By Fabian Mayer, June 11 2015 —
New documents regarding market modifiers came to light last week after the Metro newspaper filed a freedom of information request. Three market modifier tuition hikes at the University of Calgary were approved by the PC government in December of last year. All 26 of the proposals by the province’s post-secondary institutions are now publicly available.
The university claims a version of the proposals have been available online since December. But the SU said that despite repeated requests, it did not see the official proposals before they were submitted to the government.
The U of C’s proposal to raise tuition for engineering, law and MBA programs focused on the financial need for a tuition hike, arguing the U of C needed to raise tuition beyond the inflation-tied cap on fee increases in order to keep pace with its competitors.
Students’ Union vice-president external Romy Garrido disagrees with that logic.
“Increasing tuition at our university could move us up in the rankings of the most expensive universities,” Garrido said. “Does that necessarily mean that we have higher quality programs? Absolutely not.”
The proposal stated that roughly 30 per cent of the additional funds would go to hiring new faculty, 30 per cent would go to administrative costs and the remainder would be split between scholarships, student success initiatives and an innovation fund. Garrido isn’t convinced by the university’s plans.

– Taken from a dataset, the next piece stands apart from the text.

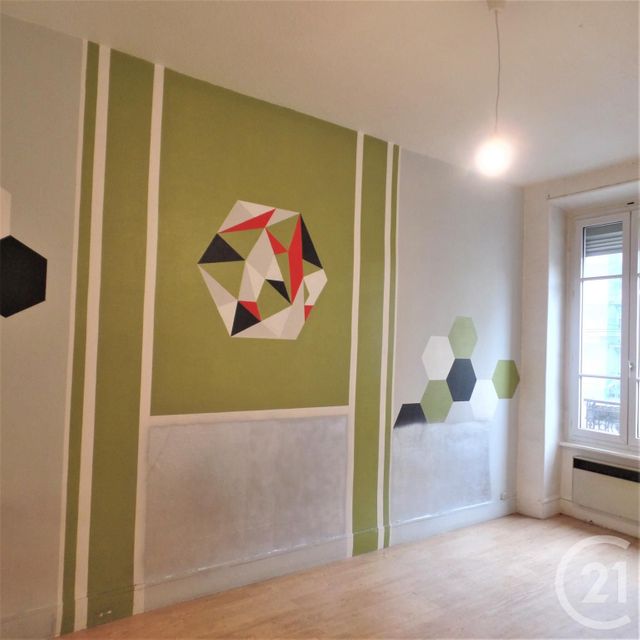 Appartement F1 &agrave; louer - 1 pi&egrave;ce - 36,31 m2 - Villeurbanne - 69 - RHONE-ALPES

“Forty-five per cent of the Haskayne market modifier is still unaccounted for,” Garrido said. “Even though the proposals say they’re going to go to different areas just looking at past precedent, we can’t quite say where it would go.”
Engineering Students’ Society (ESS) president Amy Zell is hopeful the money will be spent responsibly.
“I have already been a part of conversations with [Dean] Bill Rosehart regarding exactly how the money is going to be spent for the upcoming year, and I’ve been able to ensure it’s the amount agreed upon in the proposal,” Zell said.
The proposal claims that “extensive consultation” took place with students regarding the university’s plans. Garrido disputes this, pointing out that over 80 per cent of engineering students surveyed by the ESS did not approve of the modifier.
“Even though they met with students, the consultation wasn’t taken into account,” Garrido said. “The term consultation is defined differently from the administration’s point of view and our point of view.”
The proposal stated that faculty met with engineering students eight times to discuss the market modifier. Zell is happy with how the ESS handled the consultation process.
“I feel our consultation was constructive and represented the aggregate student interest, even if it wasn’t reflected in the official proposal,” Zell said.
Garrido said the new minister of advanced education, Lori Sigurdson, recently met with student leaders. The NDP government is currently working on its campaign promise to roll back market modifiers.
“Based on what she said, something is in the works. We don’t know what it is yet so we’re hopeful, but we’ll just have to wait and see,” Garrido said.
The U of C approved tuition for the 2015–16 academic year on May 1. The $170 per course increase is a near 30 per cent hike. The new fees will be implemented for incoming students starting this fall. Garrido hopes the government will find a way to repeal the increase.
“Our main goal is that this fall no student has to pay the most recently approved proposals,” Garrido said.